Assembly GOP Leader Chad Mayes of Yucca Valley is facing renewed pressure from party activists to resign his leadership post after he and six other Republican Assembly members helped Democrats pass a 10-year extension to the state’s cap-and-trade system.
I don’t begrudge Mayes for trying to do something about climate change, but he should be booted as his party’s Assembly leader for political foolishness alone. The key role of the party leader is to get more Republicans elected to the Assembly, which is important these days, given that Democrats hold supermajorities in both houses.
A couple of legislative wins would give the party something it now lacks: the power to stop tax increases, which require a two-thirds vote. Those victories now are more elusive — a point made by Orange County Republican Party Chairman Fred Whitaker in a letter this week to Mayes. Whitaker pointed to the predicament the party now finds itself in with regard to the seat held by Democratic Assemblywoman Sharon Quirk-Silva of Fullerton.
Republican support for the legislation let Quirk-Silva vote no “and issue a press release standing up for the economic interests of the voters in her district,” Whitaker wrote in a letter calling for Mayes to step aside. “You gave an incumbent Democrat in a swing seat you are supposed to be targeting a free pass to act more Republican than our leadership.” San Diego County GOP Chairman Tony Krvaric echoed those thoughts in a separate letter.
If the cap-and-trade legislation had really been in peril, do you think Quirk-Silva would have bucked the Democratic majority? This was a freebie “no” vote that allows her to portray herself as a champion of the taxpayer, thus protecting herself against those hit mailers that are sure to come election time.
Quirk-Silva’s statement was a jumble of contradictions. “This is not the time to raise taxes on the working people, nor is it the time to force more regulations on our economy,” she said, in an appeal to the district’s many conservative voters.
But she also complained that the cap-and-trade bill “doesn’t go far enough to protect citizens of Orange County from pollution,” which seems to echo liberal activists who wanted a tougher bill. Which is it? Does the legislation go too far in imposing taxes and regulations, or is it too modest in its effort to deal with pollution?
Then the assemblywoman rightly said that reducing carbon emissions is “a worthwhile and important endeavor,” but added a non sequitur. “Nonetheless, Orange County has been a donor county for too long. … We write the checks, but don’t receive the dividends.” Apparently, she believes that California needs to do more to reduce its carbon footprint, but only if Orange County residents get a larger slice of any pork-barrel spending.

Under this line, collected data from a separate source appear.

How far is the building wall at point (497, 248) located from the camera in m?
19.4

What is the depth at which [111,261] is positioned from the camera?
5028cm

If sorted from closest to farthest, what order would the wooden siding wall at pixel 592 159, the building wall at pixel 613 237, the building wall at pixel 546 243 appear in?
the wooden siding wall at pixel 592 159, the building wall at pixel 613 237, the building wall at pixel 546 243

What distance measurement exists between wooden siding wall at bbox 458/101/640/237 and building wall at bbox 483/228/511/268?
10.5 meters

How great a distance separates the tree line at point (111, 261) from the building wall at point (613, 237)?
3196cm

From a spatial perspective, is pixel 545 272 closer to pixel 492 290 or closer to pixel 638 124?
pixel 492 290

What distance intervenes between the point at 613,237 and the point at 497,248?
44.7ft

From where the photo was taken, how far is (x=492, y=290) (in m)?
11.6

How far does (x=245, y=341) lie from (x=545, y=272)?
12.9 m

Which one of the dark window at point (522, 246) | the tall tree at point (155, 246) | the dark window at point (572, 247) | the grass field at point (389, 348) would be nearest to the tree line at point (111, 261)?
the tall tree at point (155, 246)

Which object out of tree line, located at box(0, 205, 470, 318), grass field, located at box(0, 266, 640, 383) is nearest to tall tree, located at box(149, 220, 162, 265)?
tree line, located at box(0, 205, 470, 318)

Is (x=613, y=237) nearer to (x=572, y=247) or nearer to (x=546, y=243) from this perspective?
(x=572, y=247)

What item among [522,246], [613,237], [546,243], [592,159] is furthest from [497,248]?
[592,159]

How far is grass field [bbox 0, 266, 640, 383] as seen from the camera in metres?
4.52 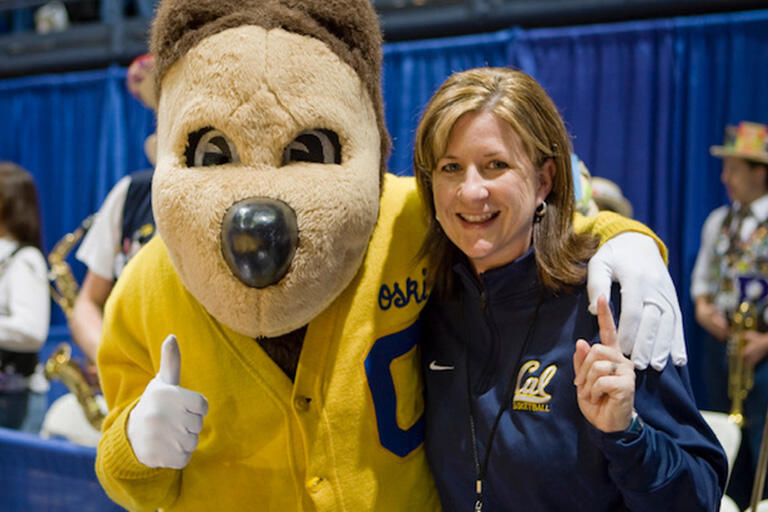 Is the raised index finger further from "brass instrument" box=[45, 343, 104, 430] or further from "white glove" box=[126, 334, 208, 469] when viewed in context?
"brass instrument" box=[45, 343, 104, 430]

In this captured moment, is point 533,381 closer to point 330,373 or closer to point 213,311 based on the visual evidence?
point 330,373

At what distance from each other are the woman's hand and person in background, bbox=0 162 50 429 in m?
2.44

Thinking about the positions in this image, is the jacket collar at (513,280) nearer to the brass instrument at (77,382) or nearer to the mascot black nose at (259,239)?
the mascot black nose at (259,239)

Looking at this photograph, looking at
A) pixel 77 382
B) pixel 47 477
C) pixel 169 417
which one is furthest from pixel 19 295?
pixel 169 417

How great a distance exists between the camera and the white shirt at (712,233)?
10.8ft

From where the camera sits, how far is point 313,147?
1.21 meters

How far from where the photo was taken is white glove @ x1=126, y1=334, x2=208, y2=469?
1.15 m

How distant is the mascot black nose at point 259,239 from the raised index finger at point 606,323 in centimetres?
48

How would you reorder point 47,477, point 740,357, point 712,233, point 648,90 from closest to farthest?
1. point 47,477
2. point 740,357
3. point 712,233
4. point 648,90

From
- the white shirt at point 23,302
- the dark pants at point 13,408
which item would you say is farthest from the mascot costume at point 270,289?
the dark pants at point 13,408

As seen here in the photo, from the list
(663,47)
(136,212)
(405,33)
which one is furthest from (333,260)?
(405,33)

I can’t blame Quirk-Silva for peddling inconsistent gibberish. She’s a politician, so why not have it both ways if you can get away with it? The real blame lies with Mayes and his six Republican colleagues who voted with the Democrats here.
Bad political maneuvering was a godsend not just for Quirk-Silva, but also for embattled state Sen. Josh Newman, the Fullerton Democrat who is the target of a recall for his vote in favor of a recent increase in the gas tax and vehicle license fee. It’s hard for Republicans to muster voter outrage at something that will cost Californians 12 cents a gallon when so many of their legislators voted for a program estimated to cost 63 cents a gallon within four years.
That’s not Mayes’ only area of political numbskullery. Gov. Jerry Brown told Republicans they could vote for cap and trade or face something worse — i.e., giving state officials additional powers to impose their edicts on businesses. Mayes bought into this false choice. In a column for the Sacramento Bee, he wrote that “this plan will reduce regulation, lower costs, cut taxes, protect jobs and provide a model for other states.”
When asked to choose between death by firing squad or by lethal injection, smart people shift the discussion to none of the above. Mayes seems unaware that there are other ways to tackle climate change without strangling the state’s economy. And this plan isn’t a victory for less regulation. The law gives the California Air Resources Board increased authority to issue edicts.
Cap and trade imposes an artificial cap on carbon emissions, and then reduces that cap every year, thus forcing businesses to buy costly “allowances” as they invest in cleaner technologies. It’s not really a market system, but a means to raise revenue to help the governor fund his myriad spending priorities.
Why didn’t Mayes, say, secure serious limits on CARB, or tough spending limits on the bullet train? Why didn’t he propose a revenue-neutral carbon tax, which discourages emissions without harming the economy? It’s because of his political foolishness. As a result, Whitaker and Krvaric are right that he needs to go.